== EXERCISE GOAL ==
Look in the data below for the line that has "Max Edition Dress", then print exactly every line from there through the line that has "Close up of", leaving pictures out.

------ DATA ------

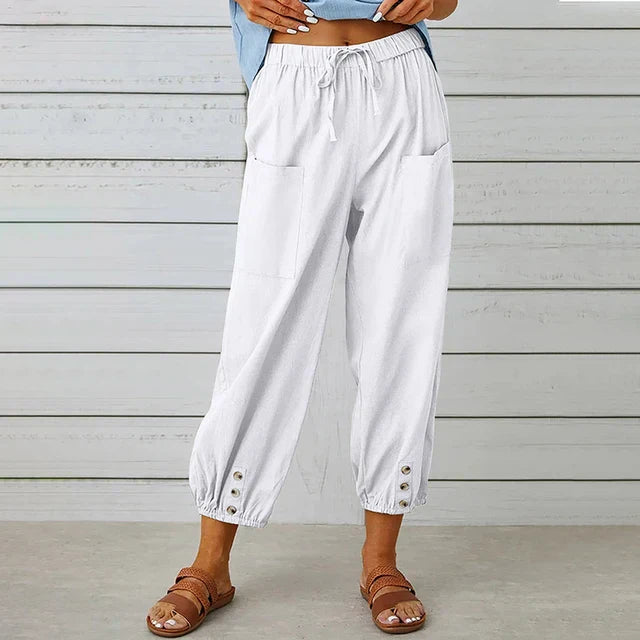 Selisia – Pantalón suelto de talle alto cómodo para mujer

------
------ DATA ------

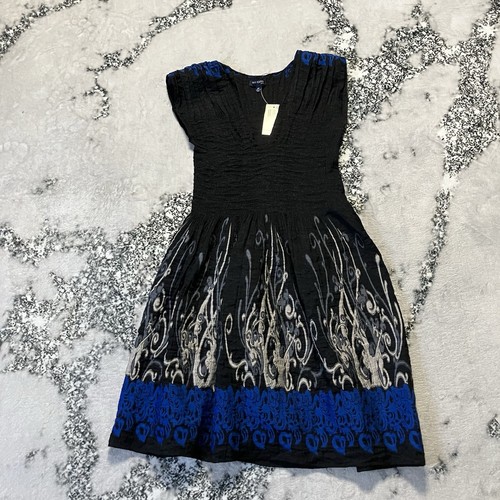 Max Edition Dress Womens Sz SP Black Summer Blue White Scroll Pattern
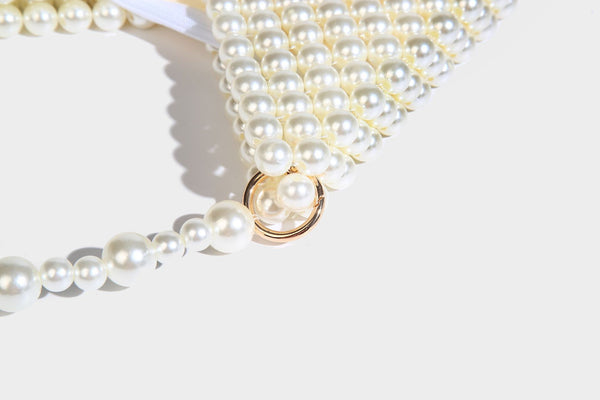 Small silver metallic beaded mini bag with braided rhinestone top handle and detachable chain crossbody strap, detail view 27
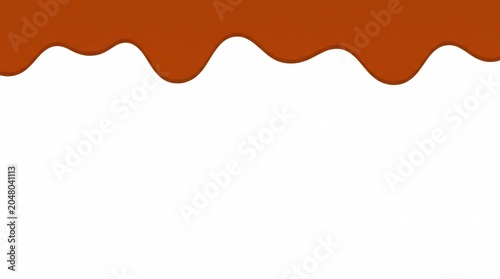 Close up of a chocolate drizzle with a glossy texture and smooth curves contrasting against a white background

------

== EXERCISE RESPONSE ==
 Max Edition Dress Womens Sz SP Black Summer Blue White Scroll Pattern
 Small silver metallic beaded mini bag with braided rhinestone top handle and detachable chain crossbody strap, detail view 27
 Close up of a chocolate drizzle with a glossy texture and smooth curves contrasting against a white background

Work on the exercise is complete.